“Who is passing, Chevalier, that the people appear so excited?”
“Quely vous motre dio, do you really not know?” exclaimed the Chevalier, “Zat is, graciosa poverisi, zat is ze Kunel Mann, pardieu, ze great Kunel Mann.”
“What!” shouted the veteran, and pulling from his coat the diamond order of “St. George and the Dragon fly” which blazed among an hundred others upon his breast, he rose in his coach and flung it gracefully to the Colonel, who caught it quite as gracefully upon the fly. At this moment a great shout arose. The populace imagined that a shot had been fired at the Colonel, that an attempt had been made to assassinate their pet hero.THE PET OF
THE POPULACE. The mob rushed for the carriage which contained the veteran, with cries of “kill him,” etc. etc. The Colonel took in the situation at a glance. Rising in his stirrups he spread wide his arms to show he was uninjured.
“Hold,” he shouted, in that same voice of loud and deep toned beauty which oft had brought the briny tears to eyes of hardened criminals in the dock, “Hold; he is my friend: he has given me this badge (‘Cape May diamonds,’ he added sotto voce); who touches a hair of his bald head, dies like a dog—march on,” he said.
The cries for vengeance changed to wild cheers of joy, and the procession moved on.
The Foreign Divisions followed the Pennsylvanians in rotation adopted by lot. The Caledonian club was a marked feature of the English Division among which it was numbered, being the only representation from Scotland. The members appeared in full Highland costume, kilt, sash, and checker-board stockings. The chiefs danced the Highland Fling all along the route to the inspiring strains of the regimental bagpipes. The company of Orangemen with their Lemon aids was also a part of this division; they were commanded by Col. Terrence McDougall.

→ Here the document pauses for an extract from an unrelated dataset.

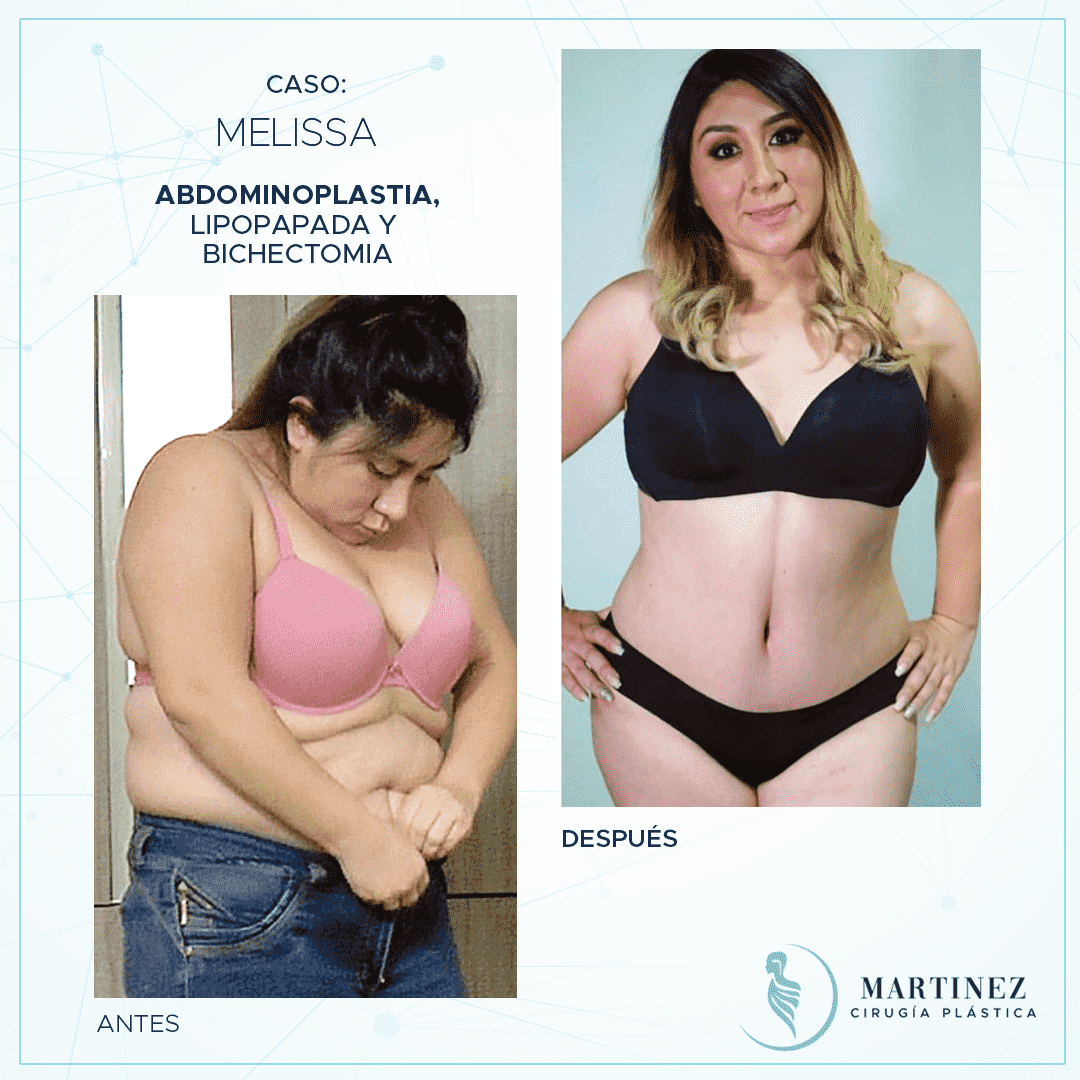 Caso real — Melissa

The brigade of French Chasseurs in the Fifth Division, commanded by Marshal Benzine, presented a splendid appearance, and wore the strings of doughnuts which were thrown around their shoulders with a truly fascinating French abandon.
The “French Lancers,” in the same division, danced the quadrille named after them at each lamp-post along the line.
A number of survivors of the late French war were carried along in Sedan chairs. This must have been a sad sight for Frenchmen. We are not Frenchmen.
The German Landsturm soldiers were artistically decorated with pretzels and oranges. Their division was preceded by the Emperor William and his family, drawn in one of the ambulances of the German Hospital, the horses being appropriately decorated with German and American bunting.